Research conducted by PayStream Advisors confirms these trends and notes that automation to date has been operations driven, with quicker approval of invoices being the main cited benefit. Companies in the survey also experienced lower processing costs and increased productivity.
Automated workflow solutions in the accounts payable (AP) arena are maturing as the share of companies employing or deploying systems rapidly approaches 50 percent. Over and above operational improvements companies are enjoying broader benefits which include:
When three quarters of AP professionals surveyed say they’ve implemented an approval workflow solution or are at least considering it, it is an idea whose time has come, especially when you consider that the naysayers – those who didn’t have any plans to implement a workflow solution have dwindled from 36 percent, to 27 percent in just a year.
Glowing reports from early adopters, who report across-the-board workflow improvements, particularly quicker invoice approvals, increased employee productivity, and lower processing costs are one reason for the rapid decline in skeptics.
Selling the idea of invoice automation to finance executives and convincing them of the return on investment in approval workflow solutions should take heart from PayStream’s 2011 invoice automation research results. Not only did 75 percent of all adopters report quicker invoice approval, but many were able to increase employee productivity and lower processing costs. In addition, 30 percent reported improved visibility of liabilities, 18 percent reported a reduction in late payments and penalties, and 15 percent reported better regulatory compliance. That should turn heads in the C-Suite.
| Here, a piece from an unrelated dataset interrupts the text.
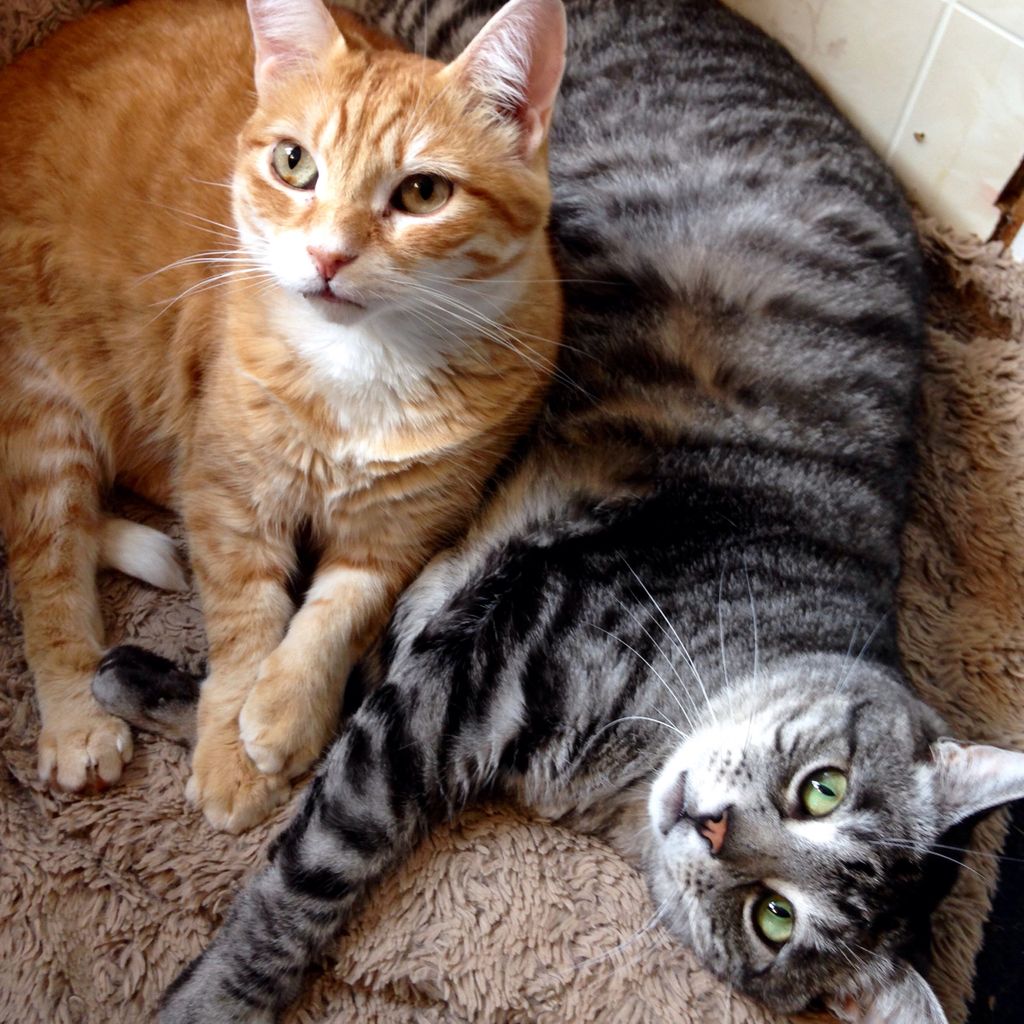 HappyPlaceGang's tweet photo. TWO CUTE - Sterling and Topaz are inseparable buddies. We call them the "Cuddle Buds" because they are always snuggled up together. #cutecats #cuddle #cuddlebuds #cats #toocute #kitties #tabby #orangetabby #ginger #silvertabby #silverado #happyplace #youshouldhearthemsnore
- BDG https://t.co/rgqeTsjoWE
The PayStream Advisors survey did not ignore the challenges associated with implementing automated workflow systems to support the paperless process. Barriers to success that have to be overcome included :
Internal Business Practices. Invoice automation heralds a tremendous change in the way buyers and suppliers conduct business. There will always be some resistance to change and it may be necessary to manage perceptions that current paper-based processes are working well, if not efficiently.
Technical Challenges. Most applications on the market today integrate easily with systems on both the buyer and supplier sides, resulting in secure and seamless data transfer and more efficient workflows but careful planning is advised.
Supplier Resistance. If getting internal buy-in is difficult, getting your suppliers to submit invoices electronically may need personal handholding to enable them to understand the benefits to them, like the attraction of being paid on time.
Large companies, with their greater resources, not surprisingly lead the way. Mid-sized companies have automated apace with their larger peers, except when it comes to back-end imaging. Small companies, where AP personnel tend to wear a variety of hats, are showing a disproportionate fondness for and were quick to embrace automated workflow solutions.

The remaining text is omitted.